Acheron – name of a river the dead must cross to reach the underworld
bireme – a ship with two rows of oars
Charon – name of the ferryman who ships the dead across the River Acheron
legionary – a soldier in the Roman army
medicus – the Latin word for a doctor
portarius – the Latin word for a doorman
pukka – great, excellent, genuine
senate – place where senators meet to make laws
senator – a member of the senate
sepulchral – very gloomy
slave – a person who is not free and is owned by someone like a thing
via – the Latin word for road
vigiles – Roman police
woe – deep distress or misery
Welcome to a new world...
Did you think you’ve seen all the dangers that there are? That’s what Edward and Anthony thought too! They have to face fresh challenges and dangers as they leave behind their home and those they love. Why? Because Princess Geetu has given Edward and Anthony a DARE!
Will they rise up to the challenge on this quest? Little do they know, but they will need all their courage to face the most terrifying danger in the whole world if they want to save a friend and themselves. Can you guess what this danger is…?
Read on to see how your heroes fare.
Edward, Anthony and their Indian friend Princess Geetu came through time and space in a whirl of stars.
“A cruise with Julius Caesar and Queen Cleopatra!” Edward said in outrage. “You couldn’t have found anything harder to do.”
Geetu smiled happily. “I’ve always wanted to see Caesar and Cleopatra and now we can go on a cruise with them together. Maybe we’ll go up the River Nile. That would be soooo romantic”
Edward banged his forehead with his hand in exasperation.
“I don’t want to go on a cruise,” he said. “I want to go home and…”
“Of course you want to go on an adventure. You told me how much fun and how exciting your other adventures were. And just imagine meeting Caesar and Cleopatra!”
“There’s no ship here,” Anthony said. “Just a long road.”
He looked up and down the road. It was a straight cobbled Roman road and it was very long. In each direction the road stretched out all the way to the horizon. On both sides of the road was an area of grass, which the Roman Army kept short so there was no place for bandits to hide, followed by bushes and trees.

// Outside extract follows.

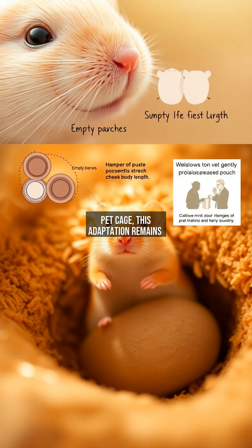From desert to pet cage, this adaptation remains nature's ingenious solution, proving that sometimes bigger pockets mean better chances.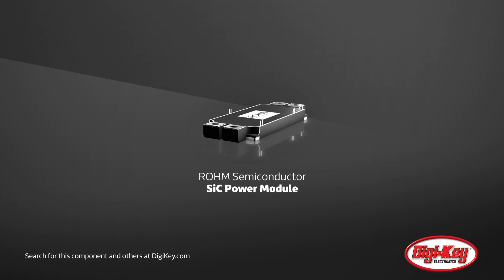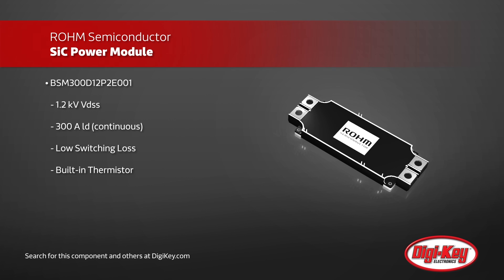Roam Semiconductor has created a SiC power module ideal for high current and high power switching. By reducing the internal inductance, Roam is able to achieve 300 amps of continuous drain current.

“Yes, it does look like a long way to walk,” Geetu said as she realized that they weren’t anywhere near a river, let alone a ship.
“Welcome to another pukka adventure,” Edward said sarcastically.
Geetu laughed happily. She was always a cheerful and optimistic person.
“Oh come on,” she said. “Things will be just fine and I’m sure we’re going to have lots of fun together. But let’s not stand around here or we’ll never get anywhere. What direction shall we go?”
They looked in both directions but everything looked the same.
“I wish I knew where we were,” Anthony said.
The sun was high in the sky and it was hot, though not as hot as in India. The air was dry and there was a pleasant scent of pine trees.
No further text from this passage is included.